Provided records
+ + + + +
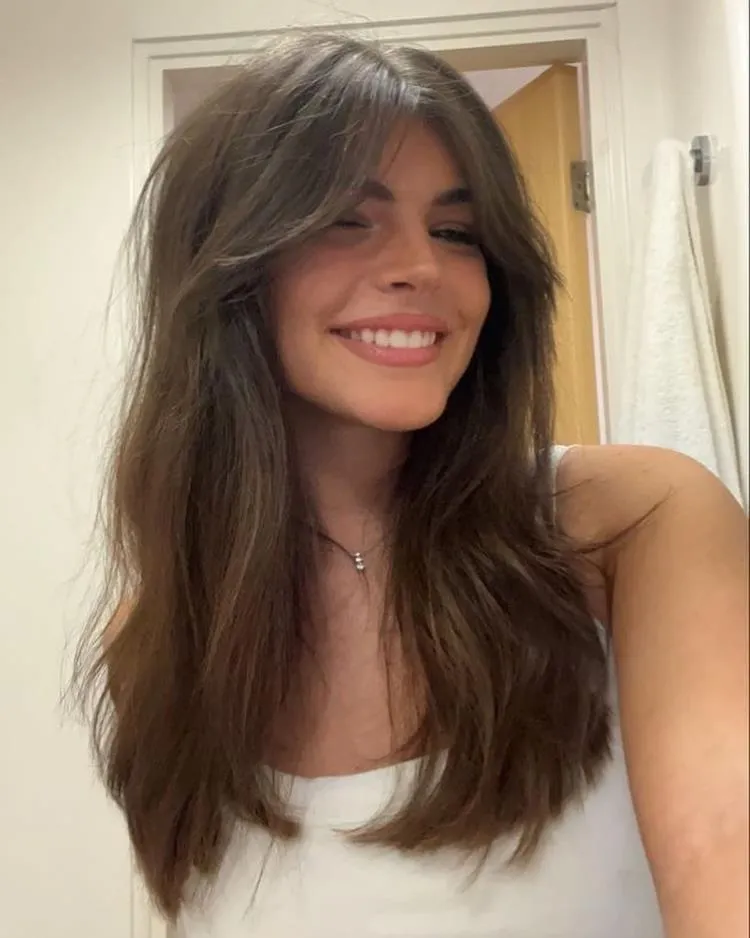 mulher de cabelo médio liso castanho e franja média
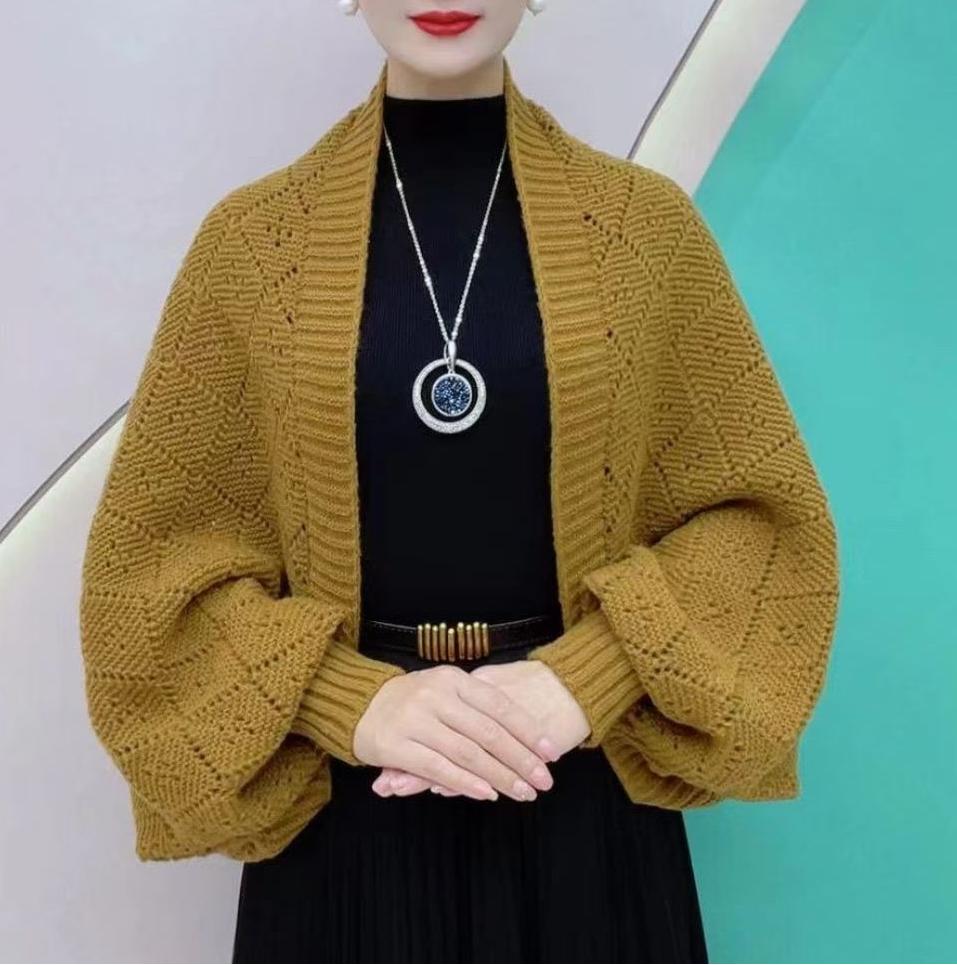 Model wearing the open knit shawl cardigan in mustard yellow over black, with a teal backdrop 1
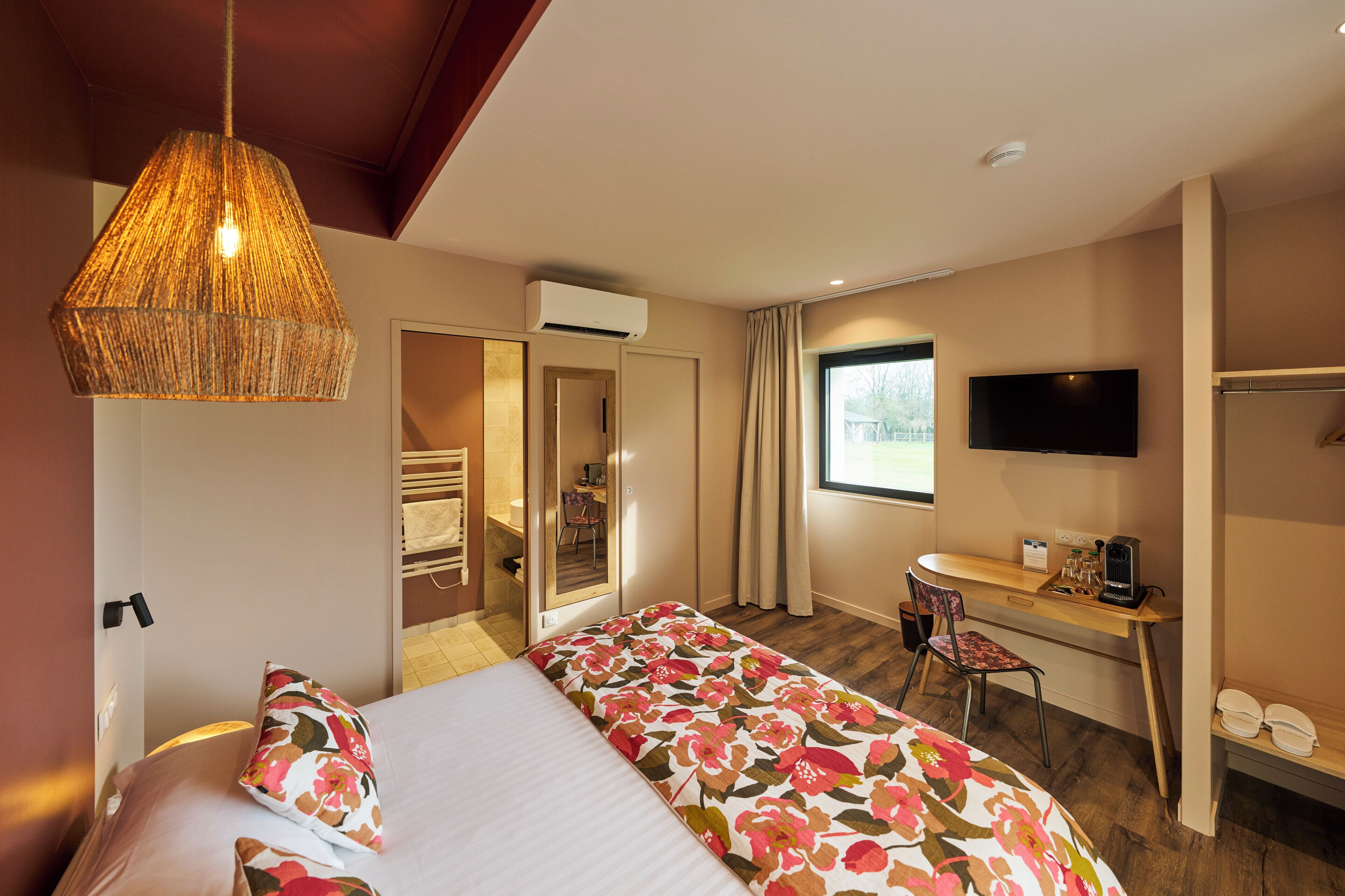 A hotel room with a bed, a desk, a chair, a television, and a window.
+ + + + +
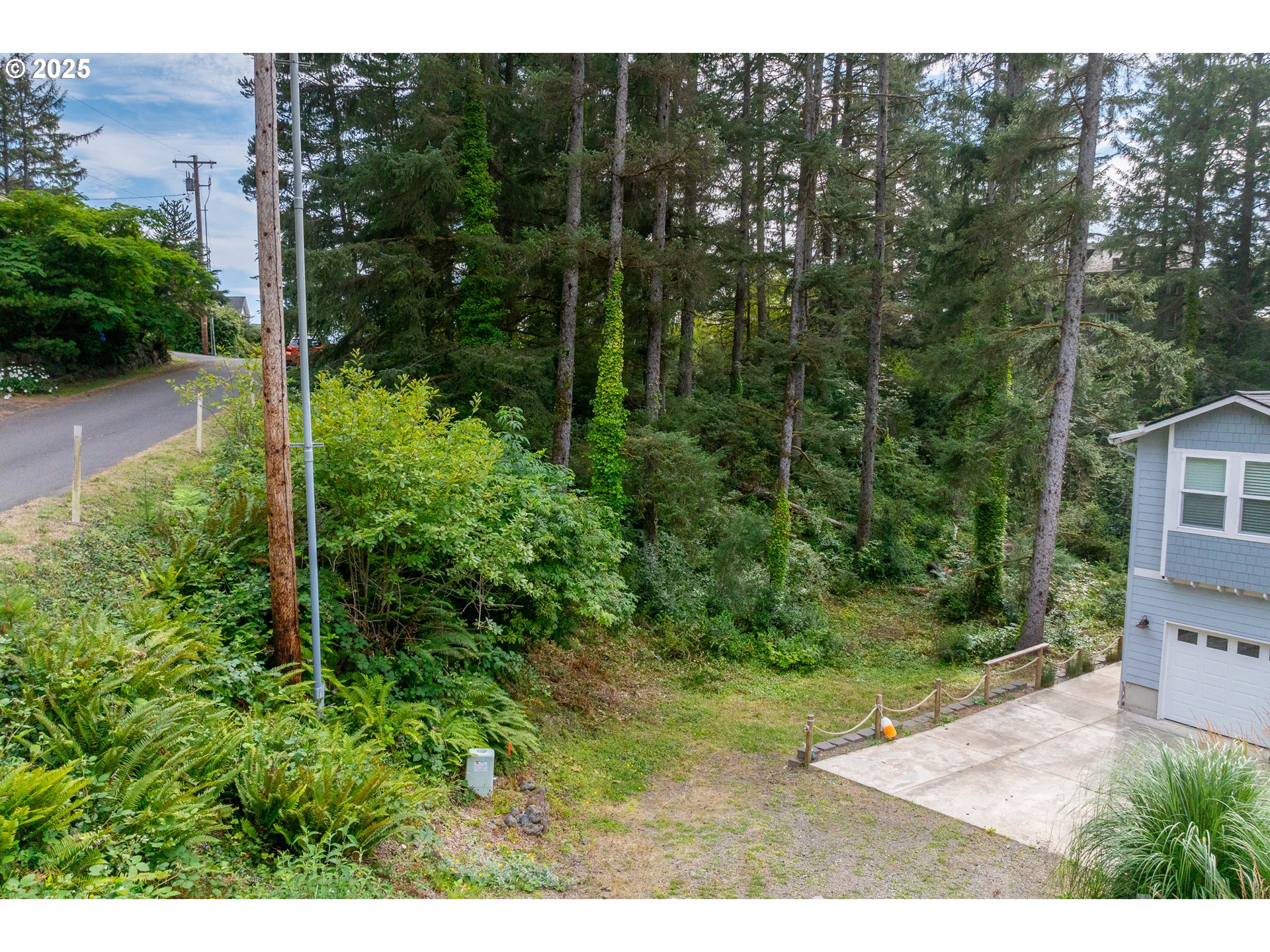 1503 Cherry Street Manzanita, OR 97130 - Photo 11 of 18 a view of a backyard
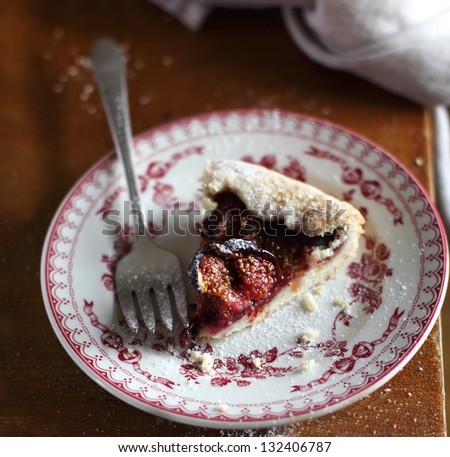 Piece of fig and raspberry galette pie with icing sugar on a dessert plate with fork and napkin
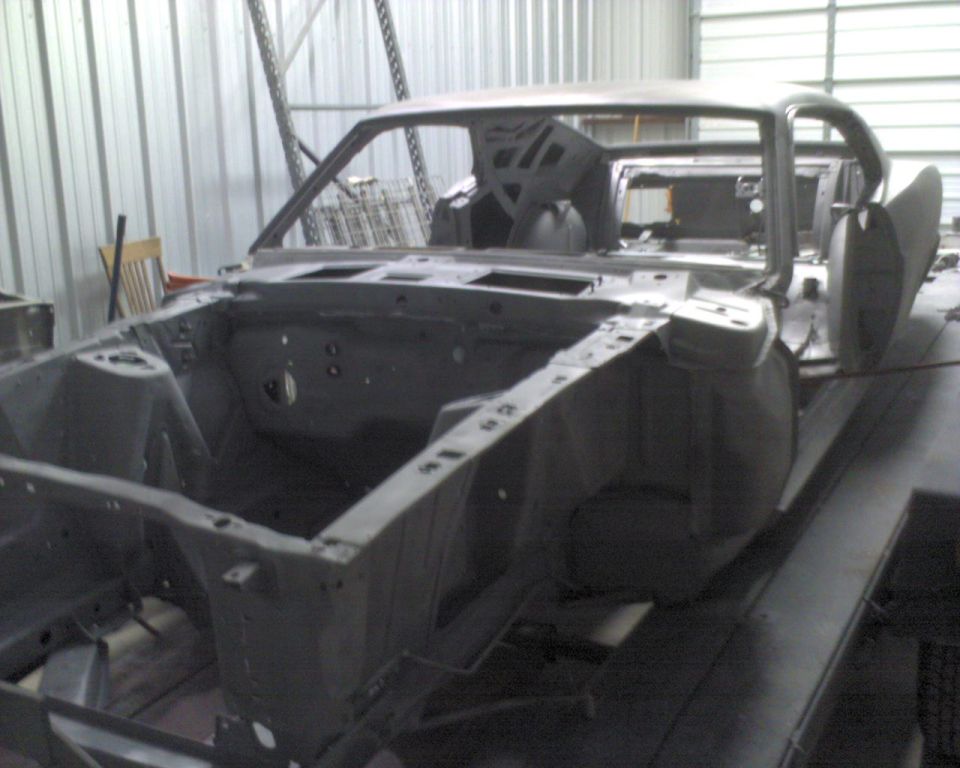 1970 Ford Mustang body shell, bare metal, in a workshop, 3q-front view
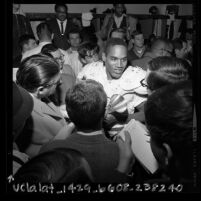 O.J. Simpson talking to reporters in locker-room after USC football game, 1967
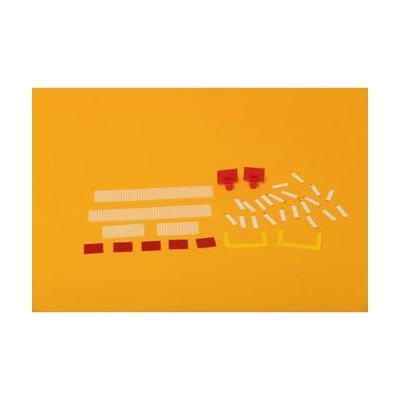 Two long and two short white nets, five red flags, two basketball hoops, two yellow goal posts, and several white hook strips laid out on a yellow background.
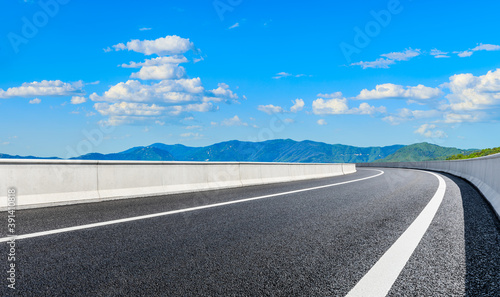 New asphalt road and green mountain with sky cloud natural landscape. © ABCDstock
+ + + + +
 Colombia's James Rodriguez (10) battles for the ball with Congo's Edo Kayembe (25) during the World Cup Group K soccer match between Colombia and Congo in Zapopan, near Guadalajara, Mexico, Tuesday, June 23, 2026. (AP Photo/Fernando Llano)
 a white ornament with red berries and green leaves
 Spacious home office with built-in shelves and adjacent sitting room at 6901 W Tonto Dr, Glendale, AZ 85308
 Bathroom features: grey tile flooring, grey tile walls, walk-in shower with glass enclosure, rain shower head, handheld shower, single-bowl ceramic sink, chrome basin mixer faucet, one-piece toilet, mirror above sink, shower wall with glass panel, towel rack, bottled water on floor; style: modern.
+ + + + +
The expected answer is an exact copy of the lines above, beginning at the line with "Colombia's James Rodriguez" and ending at the line with "a white ornament", with both ends in.

 Colombia's James Rodriguez (10) battles for the ball with Congo's Edo Kayembe (25) during the World Cup Group K soccer match between Colombia and Congo in Zapopan, near Guadalajara, Mexico, Tuesday, June 23, 2026. (AP Photo/Fernando Llano)
 a white ornament with red berries and green leaves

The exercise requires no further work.